Beglaubigte Übersetzungen, Einverständniserklärungen, Blutproben?
Hinzu kam noch, dass wir für die Immatrikulation an beiden Universitäten einen Berg an Dokumenten vorweisen müssen. Einige davon, wie zum Beispiel mein Bachelor-Zeugnis, hatte ich aber gar nicht vorliegen, da dieses erst nach meiner Ankunft in Mexiko zu Hause bei meinen Eltern ankam. Jedes Dokument musste entweder zigfach kopiert, beglaubigt oder übersetzt werden. Außerdem brauchen wir eine ärztliche Bescheinigung über unsere Fitness, die erst ausgestellt wird, nachdem wir uns einem Gespräch unterzogen und nicht nur Blut-, sondern auch Urin- und sogar Stuhlproben abgegeben haben. Ziemlich merkwürdig!
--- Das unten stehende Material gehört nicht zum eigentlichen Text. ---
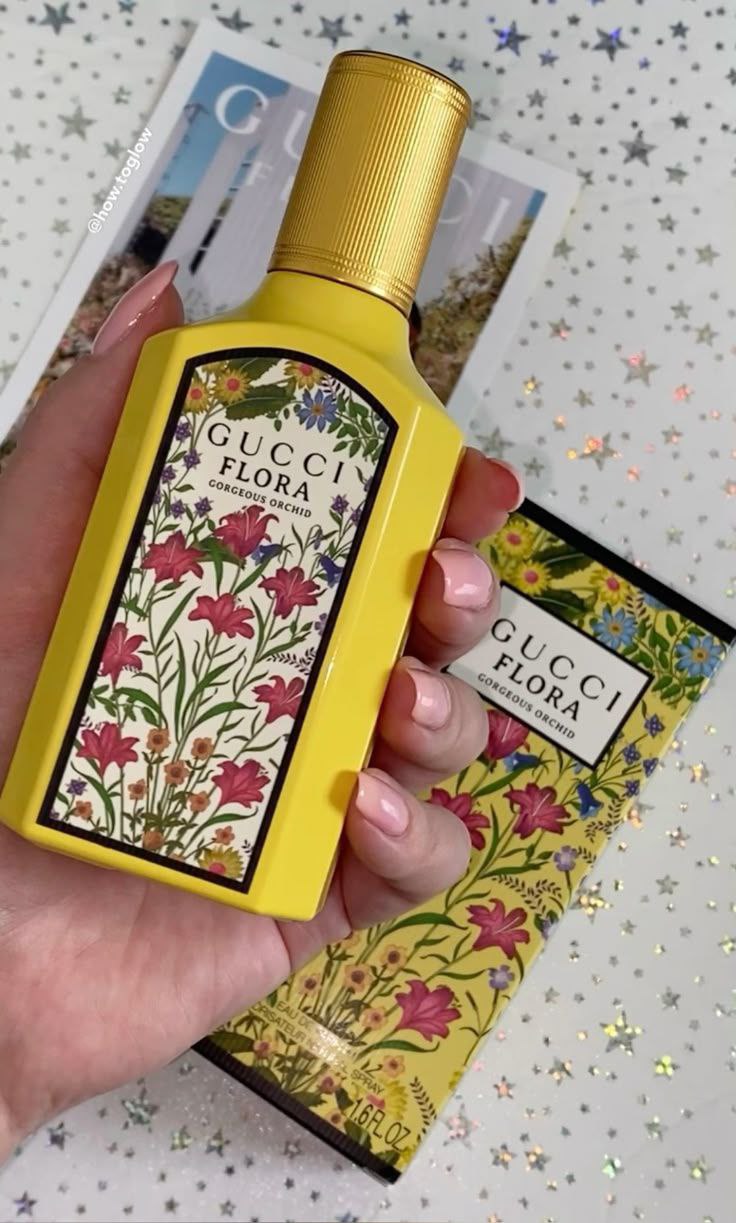 عطر ادکلن زنانه گورجس ارکید ۱۰۰ میل مسترکوالیتی سفارش اروپا بارکددار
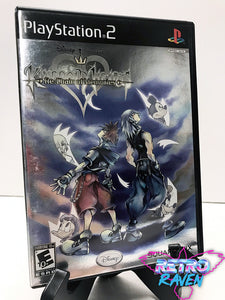 Kingdom Hearts: Re:Chain of Memories - Playstation 2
Obwohl die Koordinatoren es wohl nur gut mit einem meinen, wurde mir das Ganze zu viel. Nach zwölf Stunden täglich – fast ohne Pausen – in denen uns gesagt wurde, was wir unbedingt tun und organisieren müssten um erfolgreich studieren zu können, lag ich nachts panisch im Bett, konnte nicht mehr schlafen und hatte plötzlich knapp 40 Grad Fieber.
Statt mich ausruhen zu können, musste ich aber einen Tag später weiter am Programm teilnehmen, da es obligatorisch und unverzichtbar sei. Am Ende der ersten Woche war ich völlig am Ende und gar nicht mehr motiviert, weiterzumachen. Zum Glück gab es allerdings auch viele schöne Momente, die die Orientierung nach der 2. Woche zu einem positiven Abschluss gebracht haben.
Neue Orte, Ideen, Freunde
Auch wenn das Pensum brutal war, bin ich sehr dankbar um die Orientierung, da ich …
… die verschiedenen Forschungseinrichtungen der uns zugehörigen Fakultäten sehen durfte,
…. einen Einblick in die Arbeitsfelder der Professoren erhalten habe,
…. viele Anregungen für den Fokus meines Studiums bekommen habe,
… mich mit Alumni der früheren Generationen austauschen konnte,
…eng mit meinen Kommilitonen zusammengewachsen bin.